Dalam podcast tersebut, Rizal Mutaqin berbagi kisah inspiratif tentang awal mula dirinya mendirikan Bhumi Literasi Anak Bangsa, sebuah platform yang bertujuan untuk mengembangkan kemampuan literasi generasi muda Indonesia. Rizal bercerita bahwa Bhumi Literasi tidak hanya sekadar platform penerbitan, tetapi juga sebuah gerakan yang bertujuan memberdayakan anak bangsa melalui karya tulis. Ia meyakini bahwa dengan literasi, masyarakat dapat lebih kritis, kreatif, dan produktif dalam menyampaikan ide serta gagasan.
Melalui diskusi yang penuh wawasan, Rizal mengungkapkan bahwa ide mendirikan Bhumi Literasi berawal dari kecintaannya terhadap dunia literasi dan keprihatinan terhadap minimnya minat baca dan menulis di kalangan generasi muda. Dengan latar belakang sebagai anggota TNI yang juga memiliki pendidikan IT, Rizal ingin memadukan ilmu pengetahuan teknologi dengan literasi. Menurutnya, teknologi dapat menjadi alat yang sangat efektif untuk meningkatkan minat baca dan menulis jika digunakan dengan cara yang tepat.
Selama podcast berlangsung, Rizal juga menjelaskan beberapa tantangan yang ia hadapi dalam merintis Bhumi Literasi. Salah satunya adalah mengubah persepsi bahwa membaca dan menulis bukanlah hal yang membosankan, melainkan sebuah kegiatan yang bisa membuka wawasan serta menambah nilai dalam kehidupan sehari-hari. Rizal menyampaikan bahwa kesuksesan literasi adalah kerja keras yang melibatkan banyak pihak, dan melalui Bhumi Literasi, ia berusaha untuk menciptakan ekosistem yang mendukung tumbuhnya budaya literasi di Indonesia.

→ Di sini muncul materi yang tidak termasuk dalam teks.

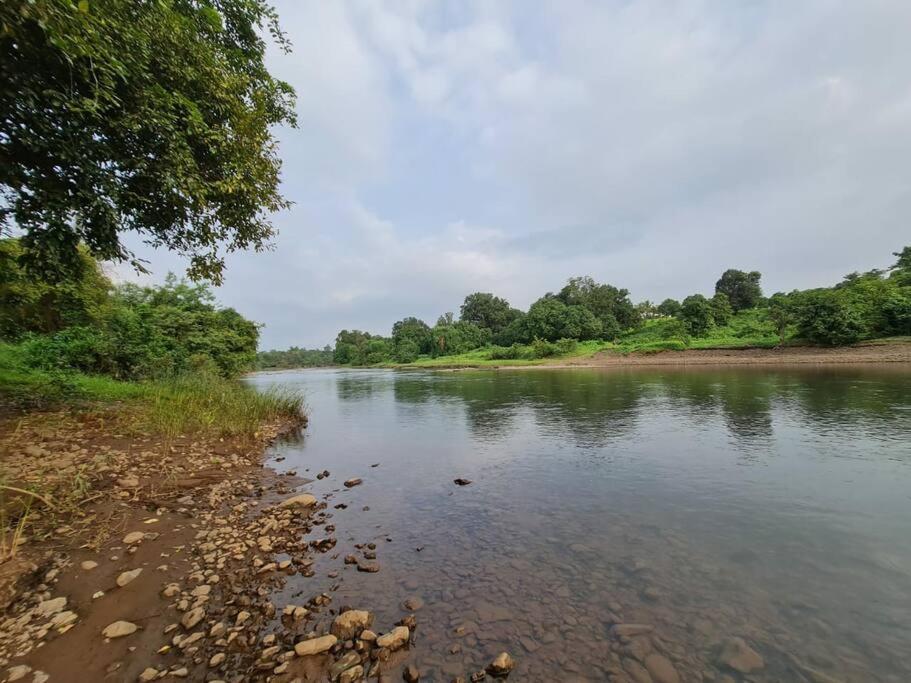 Sohana Eco Retreat Farmhouse - Karjat Chinchavli Eksteriør bilde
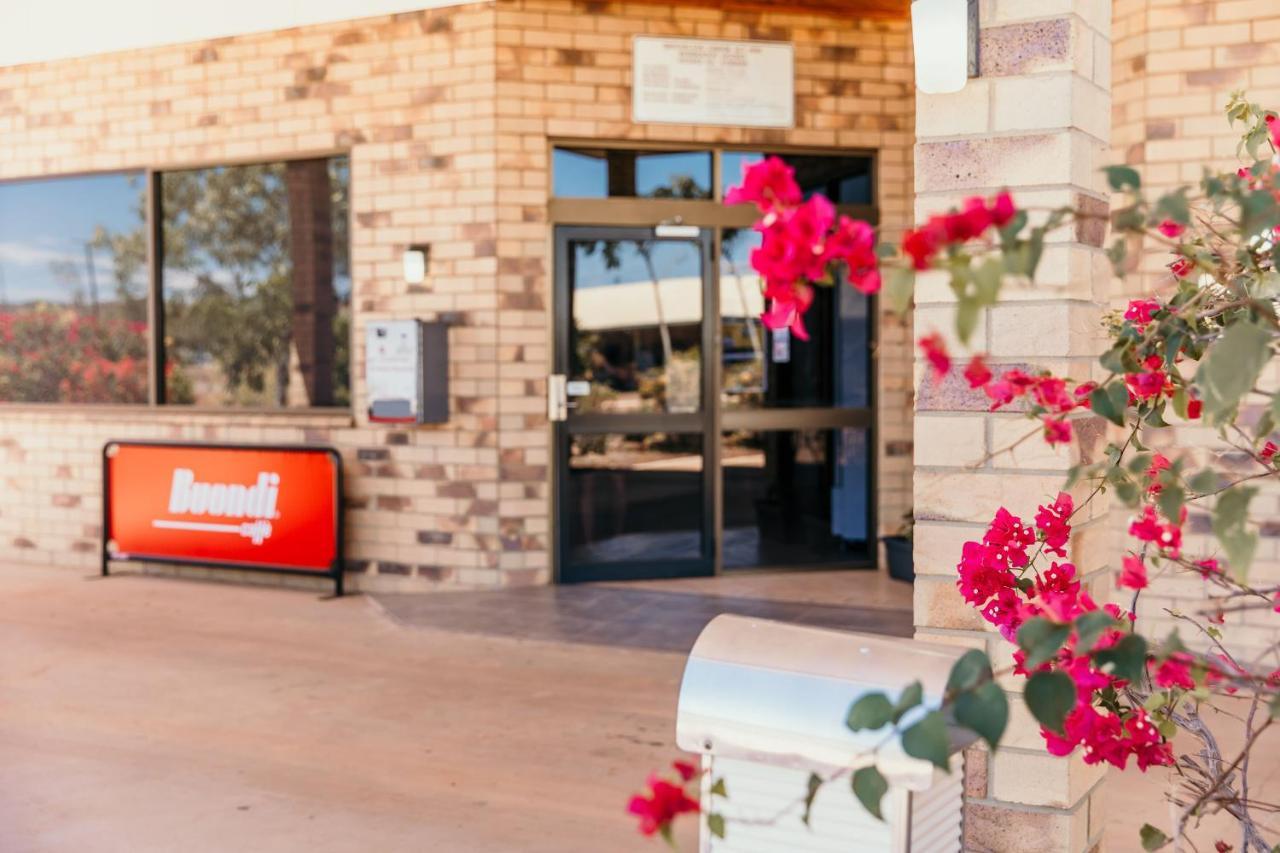 Abacus Motel Mount Isa Εξωτερικό φωτογραφία
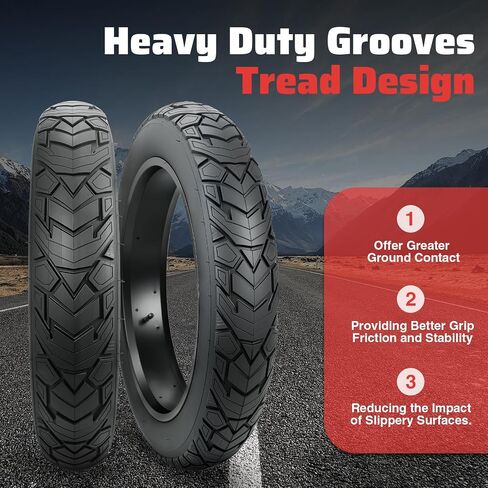 Meghna Fat Bike Tyre 20/26 × 4.0 بوصة الجبال إطارات إطارات الدهون in Saudi Arabia
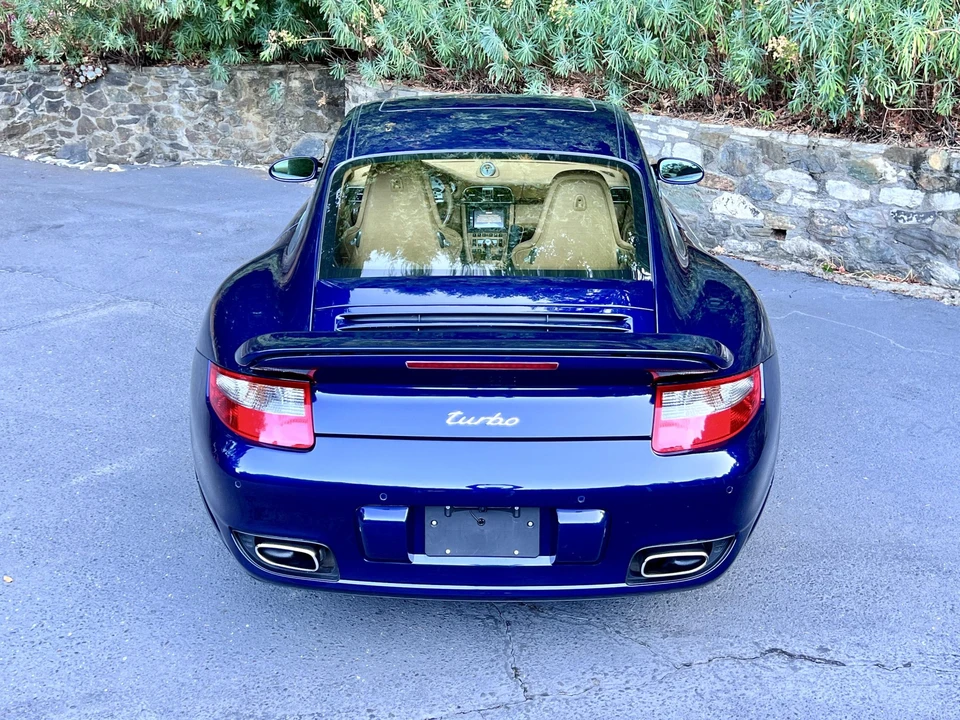 2007 Porsche 997 Turbo - Image 13 of 31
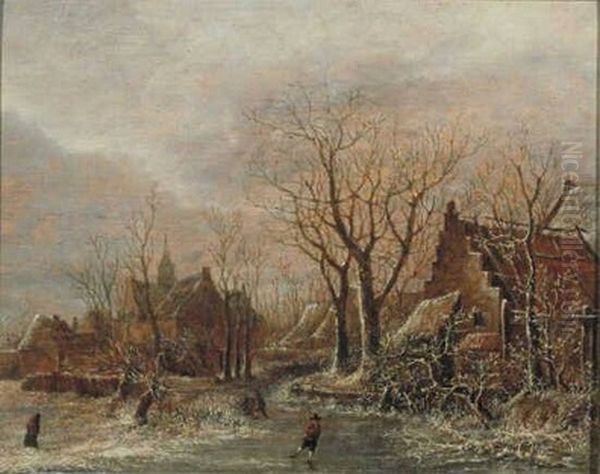 Winter Landscape - view 1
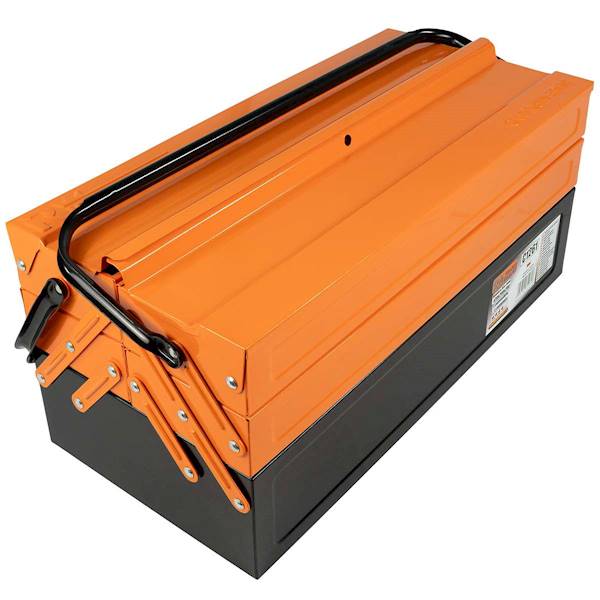 Skrzynka metalowa 430x200x200mm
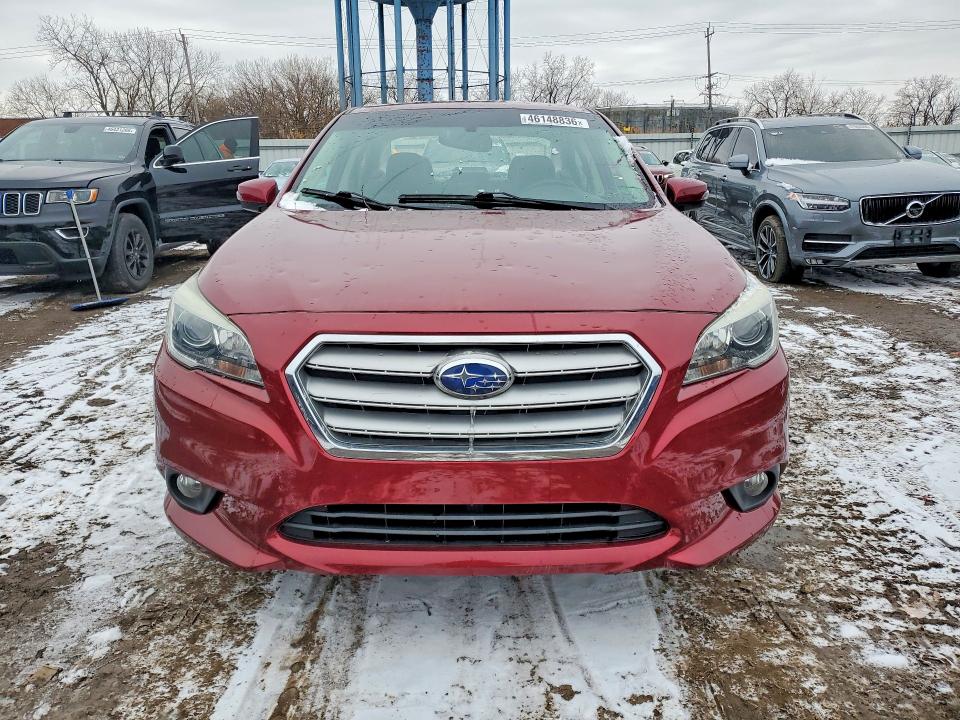 Продажа на аукционе авто 2015 Subaru Legacy, vin: 4S3BNAJ68F3016201, номер лота: 46148836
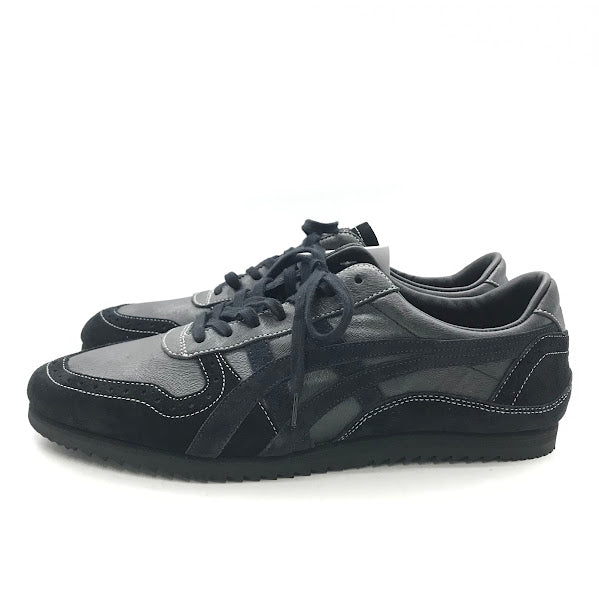 ONITSUKA TIGER | オニツカタイガー ULTIMATE TRAINER スニーカー 1181A614-001 ブラック 27cm【倉吉店】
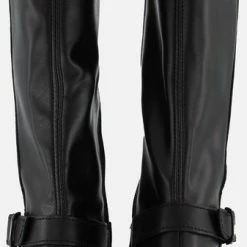 Tamaris Hoge Laarzen Zwart - Dames - Maat 38 -dames-schoenen Verkoop 337x840 8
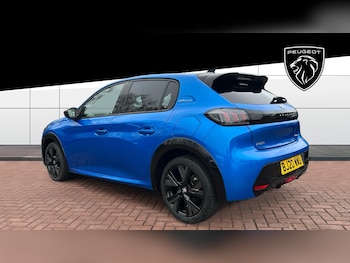 Used Peugeot 208 2020 for sale - 77618818: Photo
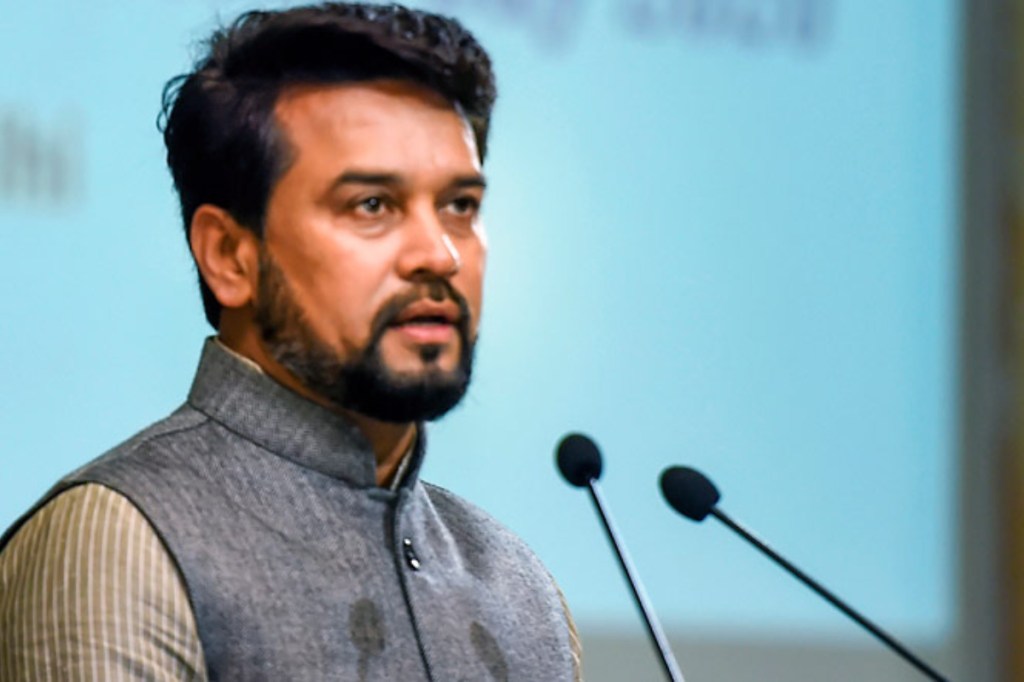 Anurag Thakur, betting, matchfixing, legal betting, betting in cricket, Economic Advisory Council, Indian economy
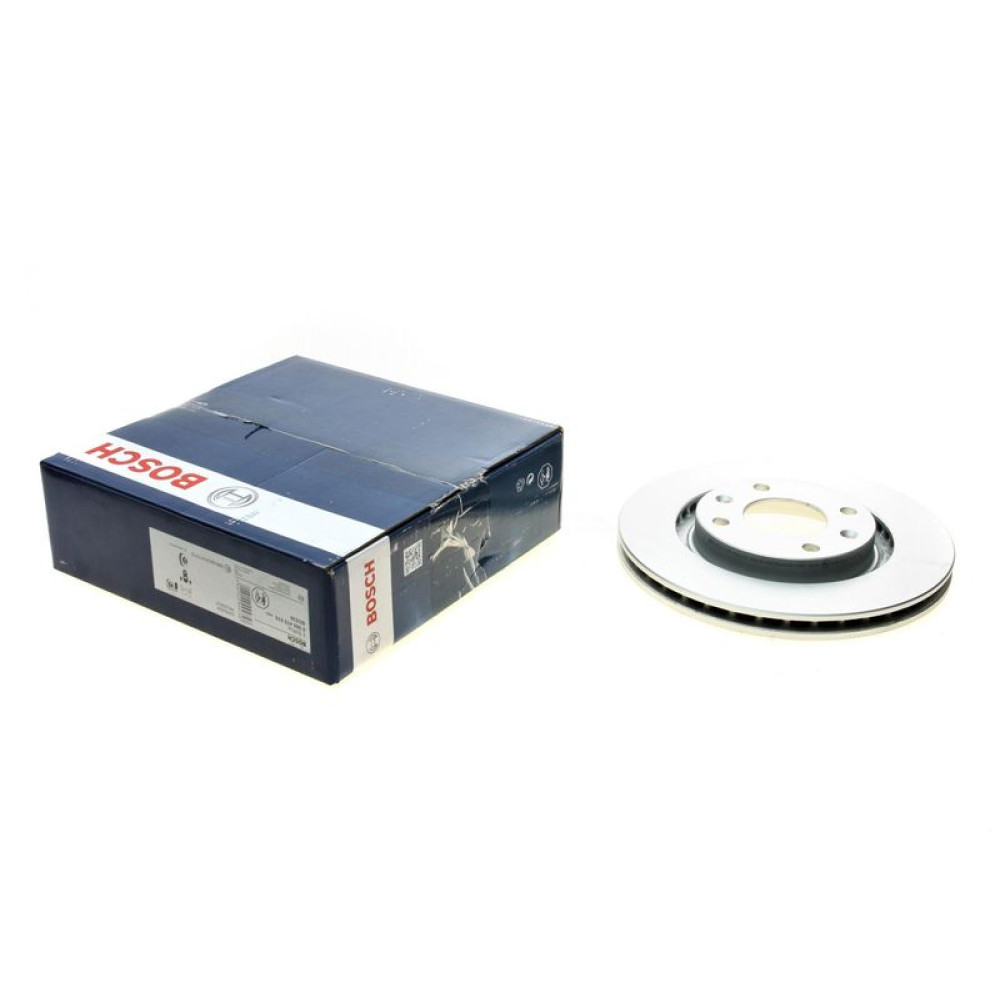 Диск тормозной передний Citroen Berlingo/Peugeot Partner 01- 266x22 - 0 986 478 618 BOSCH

Rizal juga bercerita tentang berbagai kegiatan yang dilakukan oleh Bhumi Literasi Anak Bangsa, termasuk program mentoring, pelatihan penulisan, dan lomba literasi. Menurutnya, kegiatan ini bertujuan untuk menginspirasi dan melatih generasi muda agar mereka mampu mengungkapkan ide-ide kreatifnya melalui tulisan. Ia juga menekankan pentingnya kolaborasi antara penulis muda, akademisi, dan praktisi di bidang literasi untuk menciptakan karya yang berdaya guna bagi masyarakat luas.
Dalam podcast tersebut, Rizal tak lupa menyampaikan ucapan terima kasih kepada berbagai pihak yang telah mendukung Bhumi Literasi hingga saat ini. Mulai dari rekan-rekannya di TNI AD, hingga komunitas literasi yang terus memberikan dorongan semangat dan kontribusi nyata bagi perkembangan Bhumi Literasi. Ia juga menegaskan pentingnya sinergi antara dunia militer dan literasi untuk menciptakan bangsa yang tidak hanya kuat secara fisik, tetapi juga kuat dalam pemikiran.
Tak hanya membahas tentang Bhumi Literasi, Rizal Mutaqin juga berbagi pandangannya tentang peran penting literasi di kalangan prajurit TNI. Menurutnya, kemampuan literasi dapat membantu prajurit untuk lebih analitis dan reflektif dalam menjalankan tugas. Rizal meyakini bahwa prajurit yang gemar membaca dan menulis akan memiliki kepekaan yang lebih tinggi terhadap berbagai dinamika sosial, politik, dan budaya yang ada di masyarakat.
Rizal berharap bahwa melalui platform seperti Kartika Podcast, lebih banyak orang akan tertarik untuk berkontribusi dalam gerakan literasi, baik sebagai penulis, pembaca, maupun pendukung. Ia juga berpesan kepada para generasi muda untuk tidak takut bermimpi dan berinovasi melalui karya-karya tulis mereka. Menurutnya, setiap tulisan memiliki kekuatan untuk mengubah dunia, asalkan dilakukan dengan tekun dan penuh dedikasi.
Dengan kehadirannya di Kartika Podcast, Rizal Mutaqin kembali menunjukkan bahwa literasi adalah salah satu kunci untuk membangun bangsa yang maju. Bhumi Literasi Anak Bangsa menjadi wadah bagi mereka yang ingin mengasah kemampuan menulis, sekaligus menjadi bukti bahwa literasi tidak hanya milik akademisi, tetapi juga dapat diakses dan dikelola oleh siapa saja, termasuk seorang prajurit TNI yang penuh semangat untuk menciptakan perubahan.